Having demolished Trump in short order (and still against the supportive swells of a Hammond organ), the pastor calls up someone to talk about a service planned for Tuesday. She is the daughter of Eric Garner, a man who was held in a choke hold by police officers five years ago and subsequently died, a case that went viral in America as it was recorded on a phone; she speaks about the support she has had from the church and, urged by a congregation shouting her on – “That’s right”, “A-men” – she talks with great passion about the continuing fight.
And this, ultimately, is what the church prides itself upon: social justice and community. As church business is discussed various initiatives are updated upon, from books being given to underprivileged children, to support for local schools. The pastor openly refers to Garner’s death as “a murder”, and there is a sense, as clear as day, that he wants his community to feel not only strengthened but also fighting, resilient in adversity, bolder collectively than its people could ever be individually.

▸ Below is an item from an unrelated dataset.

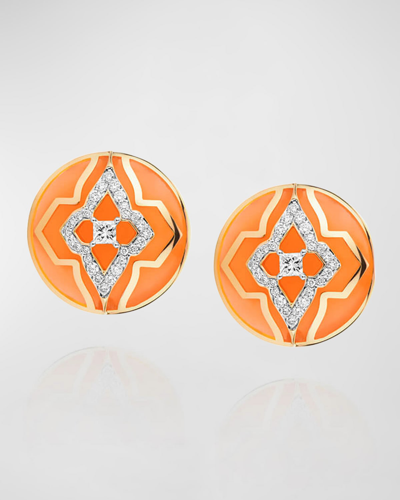 Farah Khan Atelier 18kt Yellow Gold Flush Orange Mumbai Audacious Earrings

I’m an atheist, nothing more than a tourist here with a great interest in how faith shapes other people’s lives. But I like this idea of religion: looking after your own, trying to improve things together, looking out for the people who’ve been left behind.

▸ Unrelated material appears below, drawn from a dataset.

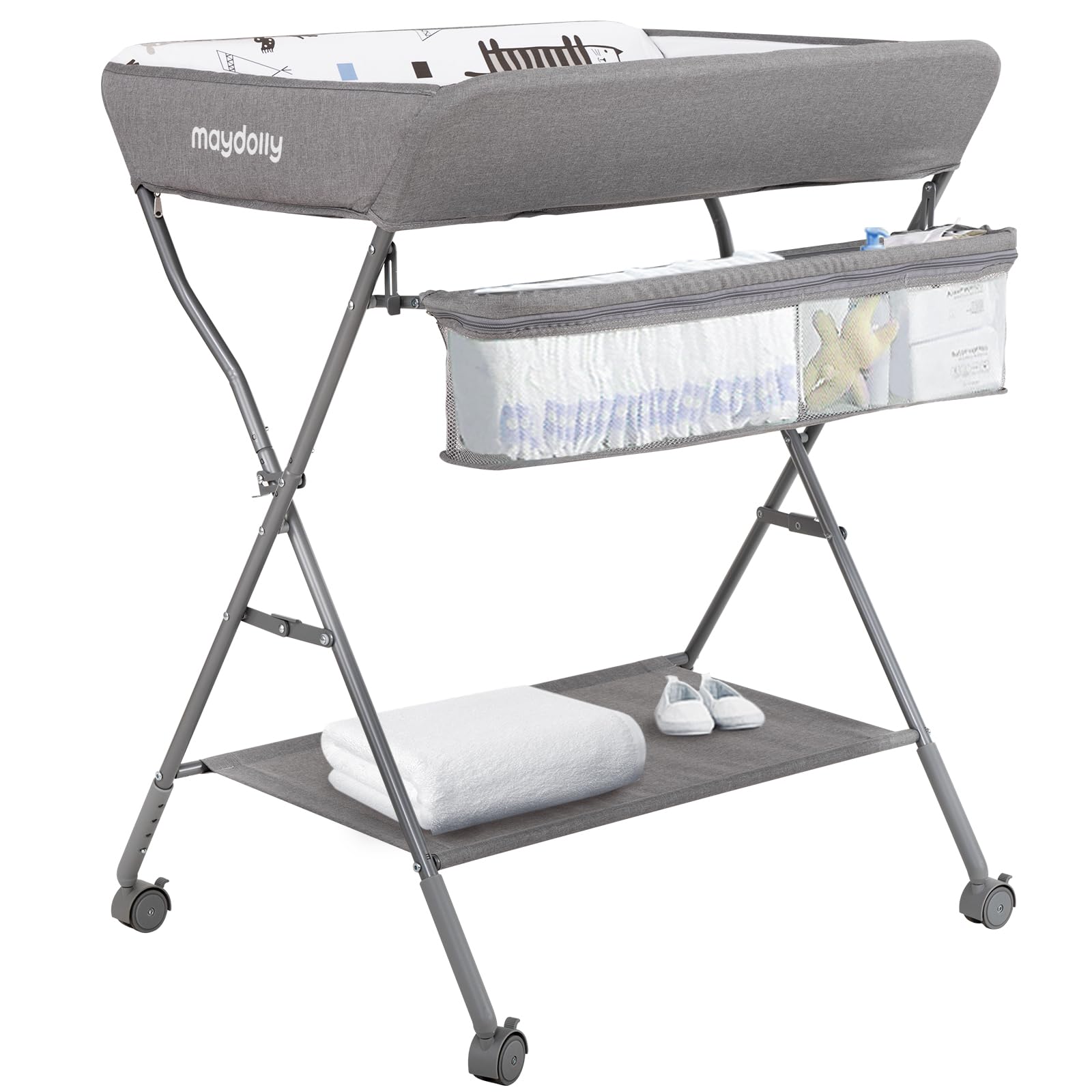 Maydolly changing table with wheels, foldable top for easy transport and space saving.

Generally the tourists up the top last about an hour before being ushered out for a tour of Harlem; the service itself will go for hours (some who have visited on tours like this moan about the time they spend listening to church business, but then again, this is supposed to be a functioning church, not just a show).
It’s hard to know what they must think of us up here. Clearly, our visit supports their church; we have all paid to be on the tour, and are encouraged to put in $5 per person when the plate goes around, and there must be about 300 people on this upper tier. So it’s in the church’s interest to tolerate this rubber-necked inclusion. Plus, of course, a church always wants to spread the word; maybe they attract some believers this way.
In any event, my family and I come out of the whole thing enlivened. That was a privilege, we say: a window into somebody else’s world, and one filled with music and dancing and passion. When you look at the outside of the church you’d never notice it, far less striking than the mosque on the corner of the same street that supports the Senegalese Muslim population in this neighbourhood. But at the Canaan Baptist Church, people are stepping out of it in a better frame of mind than they stepped in. And that’s not just for show.
Thank you Mr. Wright for your reflections on what it is like to visit a Church as a tourist. Or as "Spectators" as you referred to your group.
While we, here at Canaan, always pray that those who join us on Sunday mornings will be worshipers and not spectators and we actively seek way to engage tourist to worship in their own (familiar) way while we, unashamedly, do the same.
Let me say that I understand American English may not be your native tongue and American idioms can be confusing.